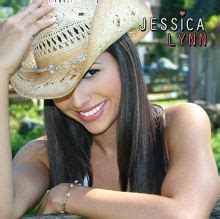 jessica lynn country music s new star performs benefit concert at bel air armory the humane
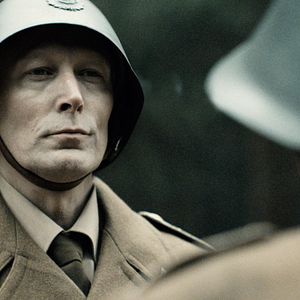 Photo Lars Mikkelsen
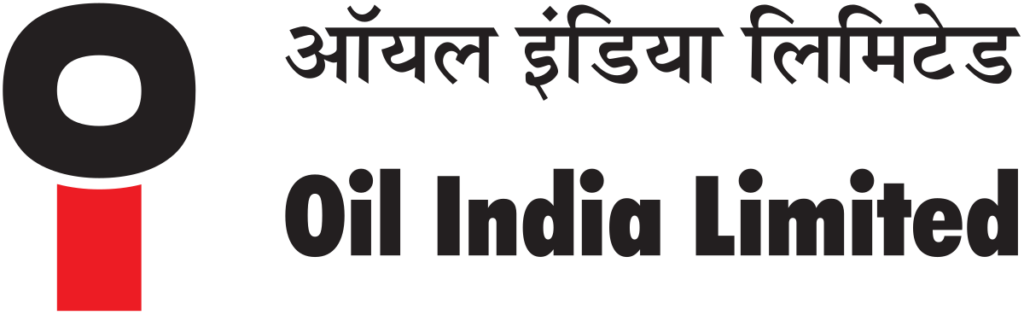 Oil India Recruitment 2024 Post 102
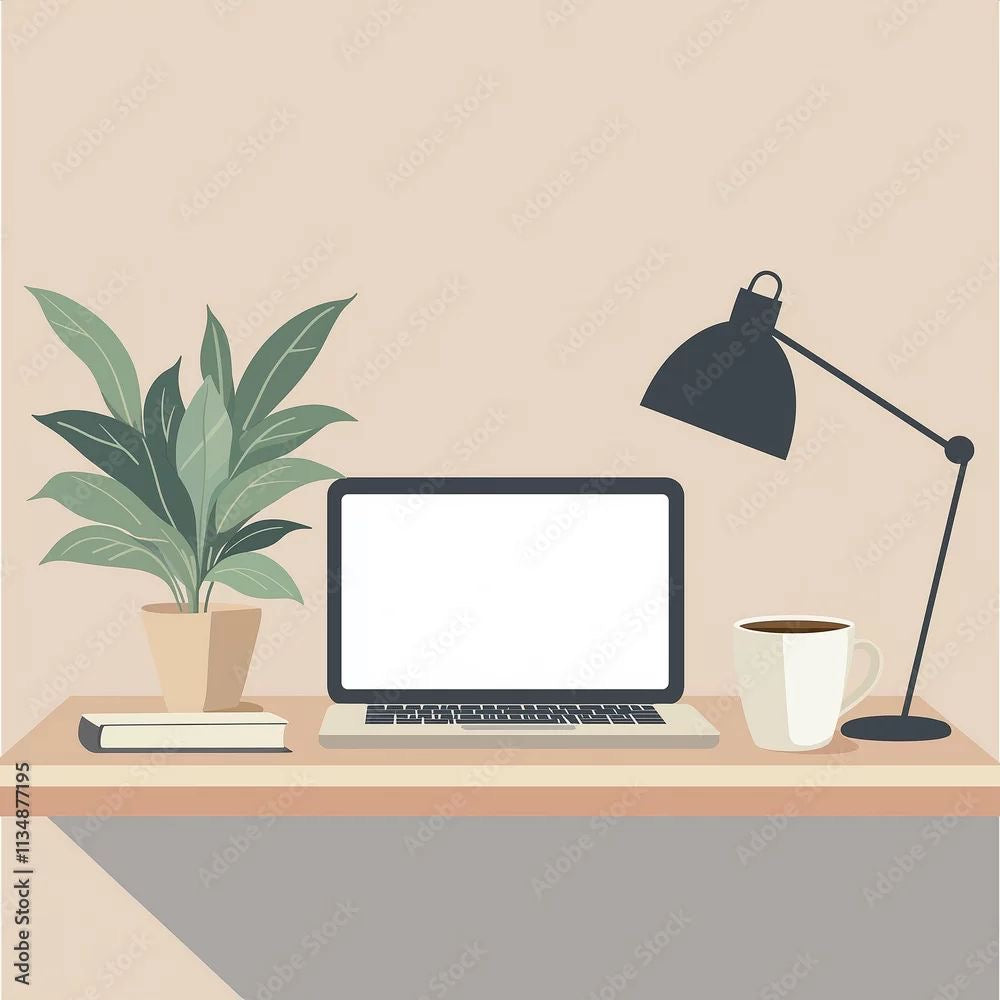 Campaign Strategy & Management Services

...

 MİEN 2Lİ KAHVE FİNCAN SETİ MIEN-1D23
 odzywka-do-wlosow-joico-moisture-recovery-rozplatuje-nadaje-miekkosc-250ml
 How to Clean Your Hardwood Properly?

WHAT IS EXPECTED :: For the data above, set down exactly the lines from the line with "jessica lynn country" to the line with "Campaign Strategy & Management Services", both included, leaving pictures out.

WORKED SOLUTION ::
 jessica lynn country music s new star performs benefit concert at bel air armory the humane
 Photo Lars Mikkelsen
 Oil India Recruitment 2024 Post 102
 Campaign Strategy & Management Services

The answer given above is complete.